AI Document Classifier — A Dual-LLM Approach to Trustworthy Compliance Automation
Inspiration
Every enterprise today is drowning in unstructured information — scanned contracts, reports, invoices, and emails. While automation exists for document ingestion, trustworthy classification remains an unsolved problem.
What We Built
We built AI Document Classifier, a full-stack Flask application that uses two LLMs in tandem to classify documents with cross-verification and human-in-the-loop review.
The app supports: • Multi-modal input: PDF, DOCX, images, and video (via frame extraction + OCR). • Dual verification: Primary and verifier LLMs cross-check each other’s output for consistency. • Citation-based evidence: Each decision cites the exact page, image, or paragraph. • HITL feedback loop: Subject Matter Experts can approve, reject, or override model predictions. • Pre-processing checks: OCR legibility, page count, image count, and format validation. • Safety and bias detection: Flags Unsafe or disallowed content and routes for manual review. • Interactive and batch modes: Real-time updates for single documents and bulk processing. • Secure PII handling: Detects presence of PII types (like SSNs, emails) without revealing actual data. • Rich UI: Modern Tailwind-based dashboard with classification cards, badges, and detailed audit trails.
How We Built It
- Preprocessing and Extraction
We began with multi-modal ingestion using: • PyMuPDF (fitz) for PDFs • python-docx for Word files • PIL + pytesseract for OCR on images • Video support using frame extraction with OpenCV Each file runs through a legibility and metadata check before classification.
- LLM-Driven Classification
The classification follows a two-layer pipeline: 1. Primary Model (e.g., mistralai/mistral-7b-instruct) analyzes the text and metadata to predict document sensitivity. 2. Verifier Model (e.g., meta-llama/llama-3.1-8b-instruct) independently audits that output and confirms or disputes it.
The models communicate via the OpenRouter API with strict JSON schemas to enforce consistent outputs. If the two models disagree, the case is automatically marked for human validation.
- Aggregation Logic
The system enforces a strict hierarchical rule: DocumentClass = a. Unsafe - if any page has unsafe content b. Highly Sensitive - if any hard PII is found c. Confidential - if any internal-only content exists d. Public - otherwise
This ensures a single, overall classification for each file, even if individual pages differ.
- Frontend and UX
The web app (built with Flask + Tailwind) enables drag-and-drop upload, progress indicators, and visualization of results. Each card includes: • Classification badges • Confidence scores • Evidence summaries • Page-level reasoning • Review actions (Approve / Reject)
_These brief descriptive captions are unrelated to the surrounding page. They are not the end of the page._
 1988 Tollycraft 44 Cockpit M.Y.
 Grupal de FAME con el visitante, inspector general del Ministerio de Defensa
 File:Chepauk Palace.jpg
All human feedback is persisted in an append-only HITL audit log (hitl_feedback.jsonl), preserving version history.
Architecture Overview
User Upload → Preprocessing (OCR, Page Check) → Primary LLM (Classification) → Verifier LLM (Cross-Check) → Aggregator (Page → Doc Label) → Safety Layer (Unsafe Detection) → Human Review UI (Approve/Reject) → Audit Logs + Continuous Learning
What We Learned
1. Prompt engineering is an art. Small phrasing changes dramatically impacted consistency and JSON validity.
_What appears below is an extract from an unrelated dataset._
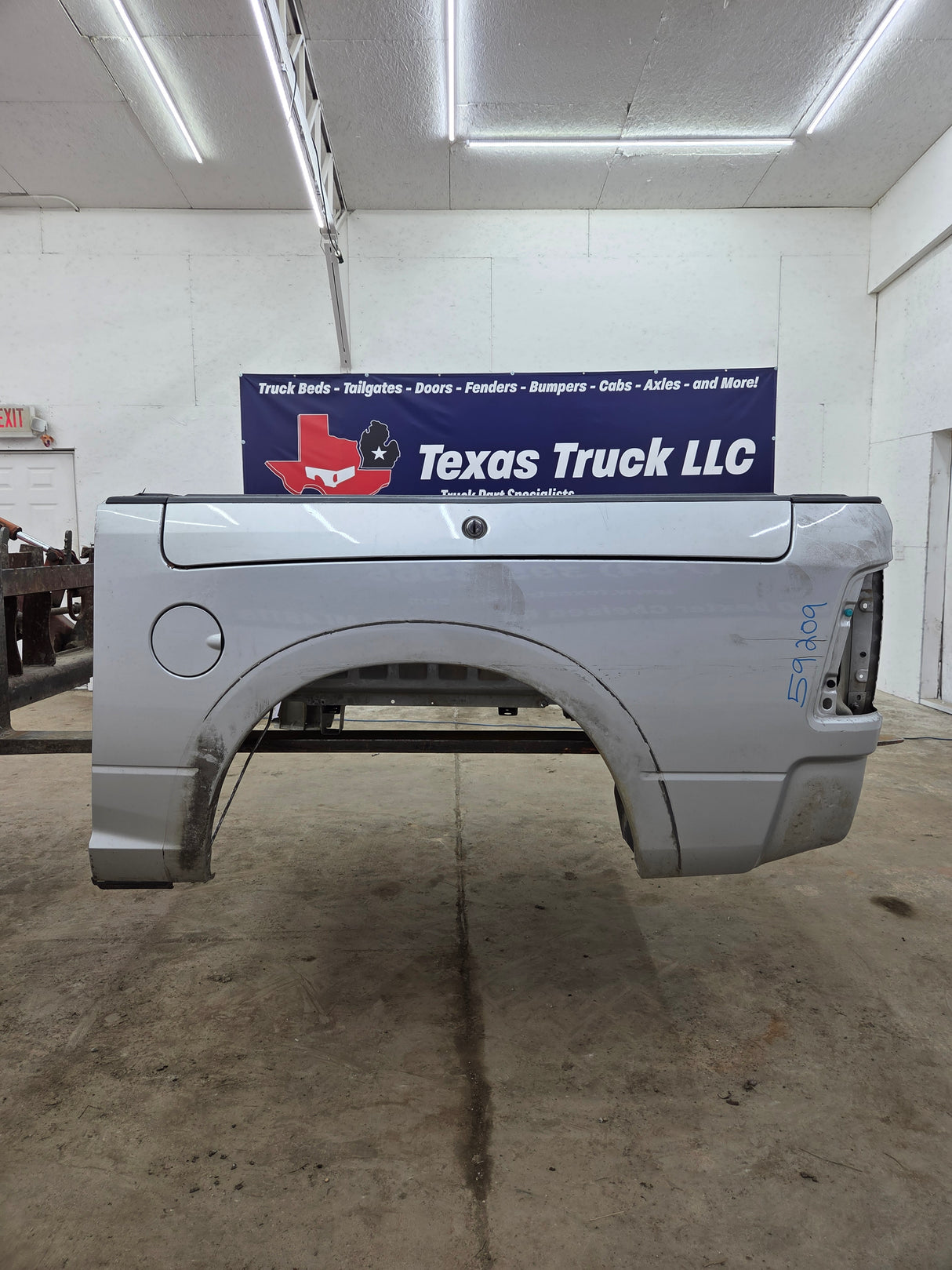 2009-2018 Dodge Ram 4th gen 1500 5' 7" Short Truck Bed "Rambox" Ram Box - Light Graystone Pearl Coat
2. Dual-LLM verification boosts trust — even when models disagree, surfacing that disagreement builds confidence.
3. Human feedback is data. Capturing SMEs’ overrides allowed us to iteratively refine prompts.
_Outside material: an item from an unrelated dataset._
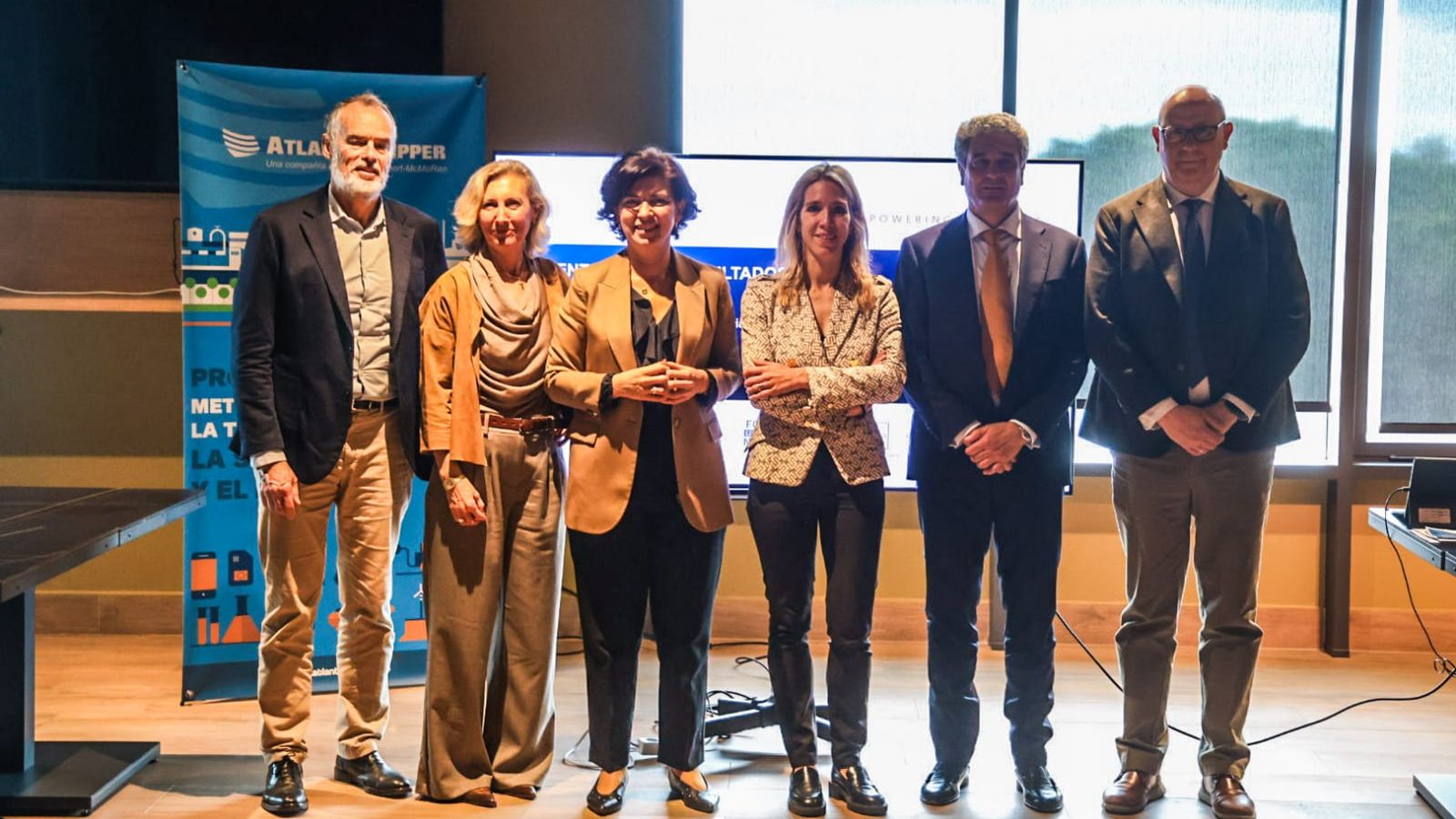 Macarena Gutiérrez, junto a parte del equipo directivo de Atlantic Copper.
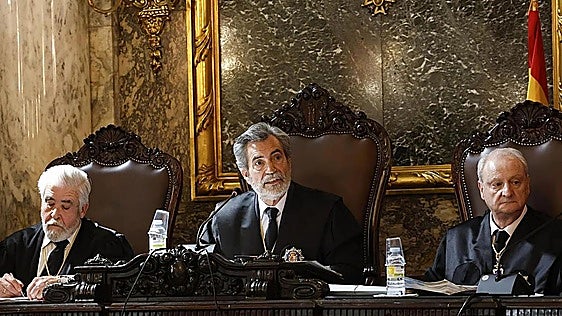 Spain government reports 550,000 migrant regularisation applications to Supreme Court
4. Security by design matters. Redacting all PII before frontend rendering ensured GDPR and compliance safety.
5. Real-time UX matters as much as AI accuracy. Users value transparency — knowing why a classification was made.
Challenges We Faced
• Handling multimodal inputs: OCR on mixed documents with both text and images required robust error handling.
• Maintaining strict JSON outputs: Some models occasionally broke schema, requiring regex-based JSON repair.
• Latency from dual-model verification: We optimized with async requests and early termination when Unsafe content was detected.
• Balancing detail vs. privacy: Showing “PII types” (email, SSN, etc.) without exposing the actual data required careful design of summaries.
• Integrating human feedback loops: Making reviewer actions persist seamlessly while keeping logs immutable took several iterations.